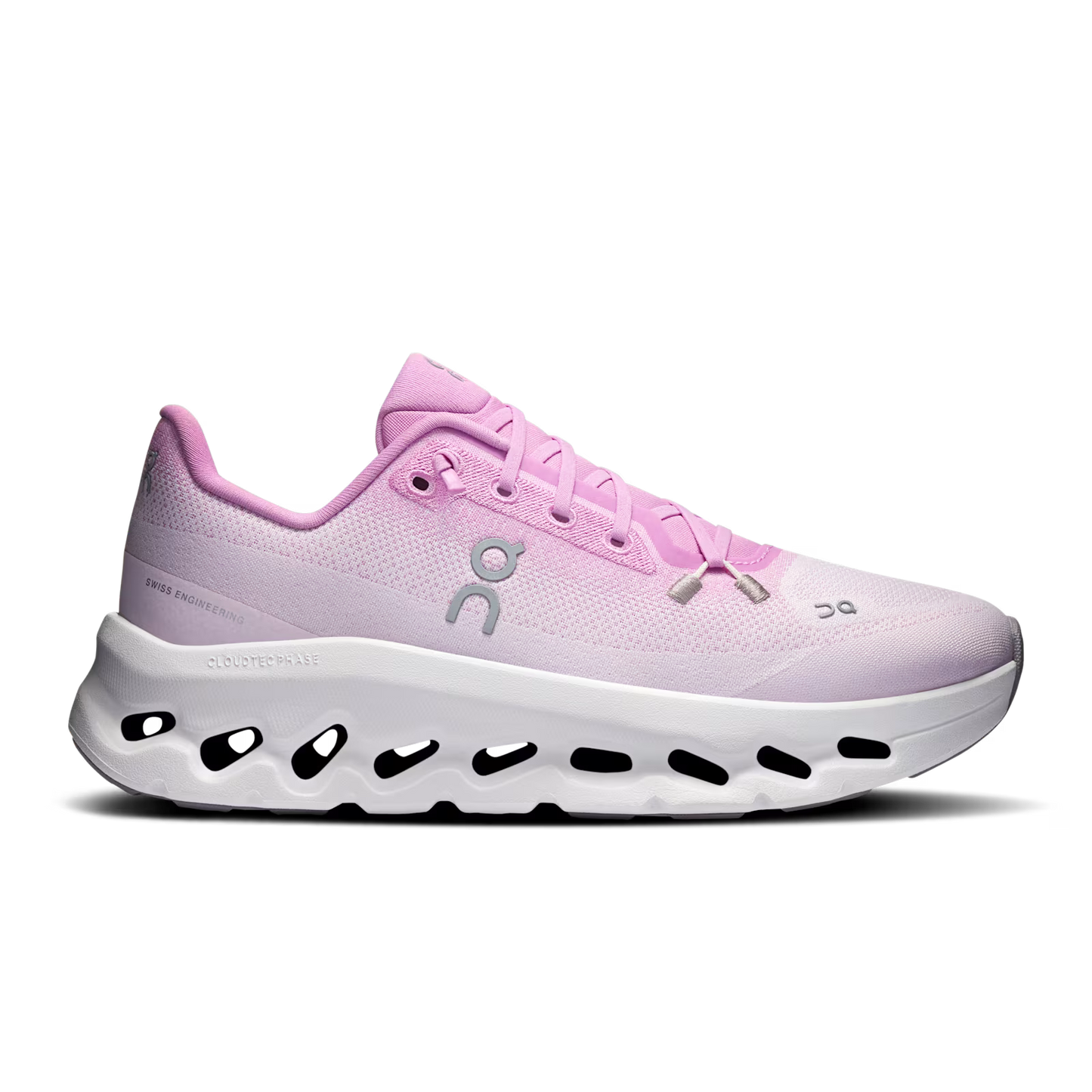 Unisex sneaker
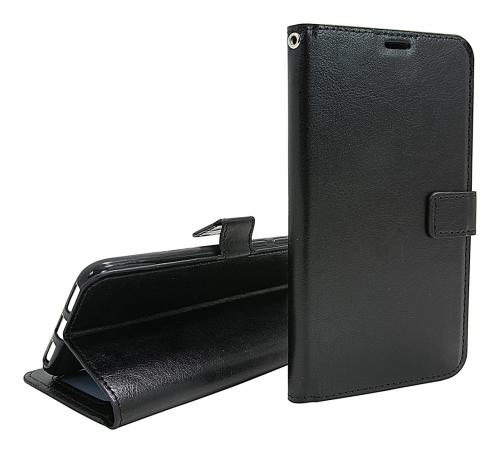 billigamobilskydd.seCrazy Horse Wallet Xiaomi Mi Note 10 Lite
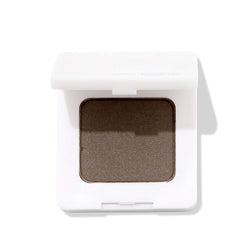 Back2Brow Eyebrow Powder
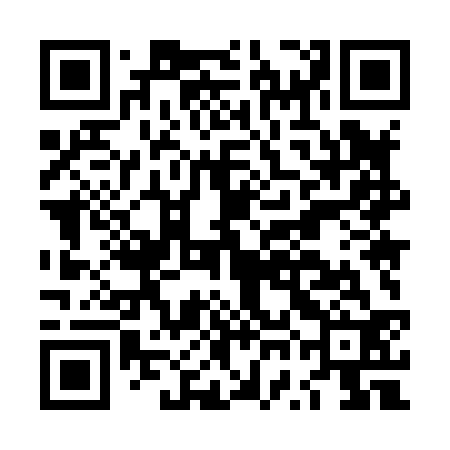 QR code for LWM832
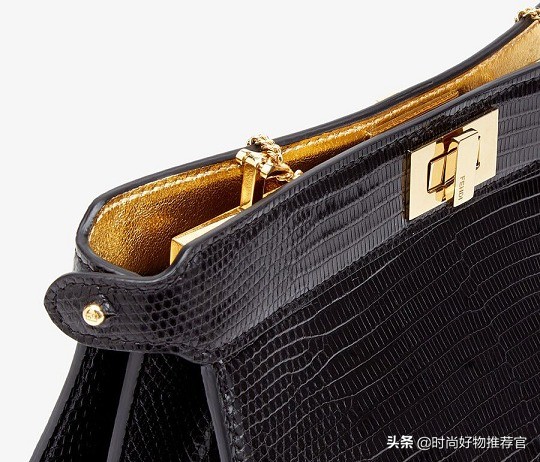 fendi新款包touch,fendi包明星限量款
• • •
--- Work order ---
The material shown above is to be repeated verbatim, and its pictures are to be omitted.

--- The completed task ---
 Unisex sneaker
 billigamobilskydd.seCrazy Horse Wallet Xiaomi Mi Note 10 Lite
 Back2Brow Eyebrow Powder
 QR code for LWM832
 fendi新款包touch,fendi包明星限量款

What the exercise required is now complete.